Intervistare Luigi Vallarino non è facile. Non perché sia difficile incontrarlo (l’appuntamento è stato fissato a tre giorni dalla richiesta) ma perché il suo cellulare, già alle 8.30 del mattino, squilla ogni cinque minuti. Lui risponde sempre. Talvolta se la cava dando il numero dell’ambulatorio dove lavorano i colleghi ancora in servizio, più spesso ascolta con pazienza i sintomi e consiglia una terapia. O ancora promette una visita in mattinata. Insomma il telefono di uno dei medici più gettonati di Arenzano squilla spesso più del centralino della Casa Bianca. Chiama persino una collega che sta male da alcune ore e non sa come curarsi (“ma è una pediatra” la giustifica lui).

Medico una volta, medico per sempre, direbbe qualcuno.

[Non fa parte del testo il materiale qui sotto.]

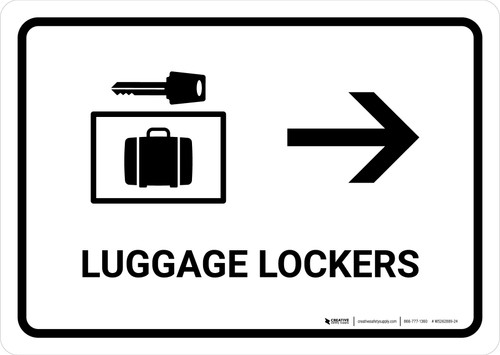 Luggage Lockers With Right Arrow White Landscape - Wall Sign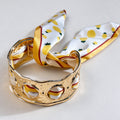 Chunky Gold Hammered Hollow Cuff Scarf Bracelet 6W6JBR746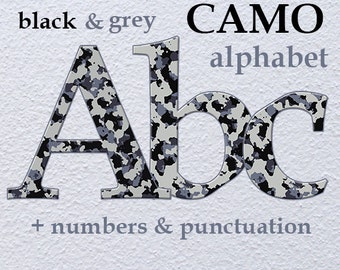 camouflage alphabet clipart printable camo letters army etsy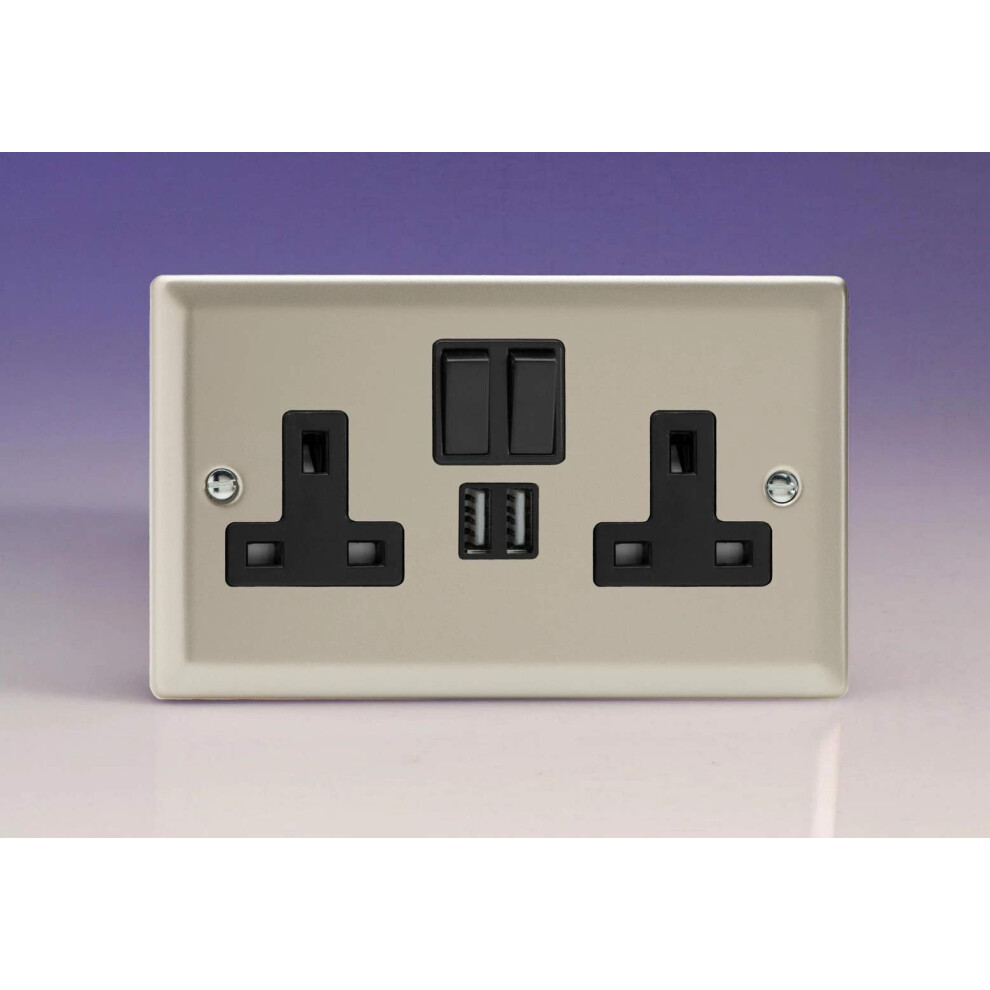 Varilight 2-Gang 13A Single Pole Switched Socket + 2X5v Dc 2100Ma Usb Charging Ports Satin 5021575802566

“In effetti non mi sono mai pentito di aver scelto questa professione. Qualche dubbio l’ho avuto forse all’inizio, dopo il liceo scientifico. Non sulla facoltà da scegliere ma sulle mie capacità. Allora fu decisivo l’incoraggiamento di una docente di Lettere nostra vicina di casa, la professoressa Ada Col. Convinse me e i miei genitori che ero all’altezza della sfida”.

Ed ebbe ragione.

“Sì, mi laureai a spron battuto nel 1975, a 25 anni, con 108 su 110 per l’orgoglio dei miei genitori e soprattutto di mio padre che si occupava della manutenzione dei distributori di benzina e aveva fatto non pochi sacrifici per mantenermi agli studi”.

Il primo impiego?

“Una sostituzione per maternità alla Pneumologia dell’ospedale Santa Corona di Pietra Ligure e i turni alla guardia medica Inam di Arenzano: le notti e i fine settimana”.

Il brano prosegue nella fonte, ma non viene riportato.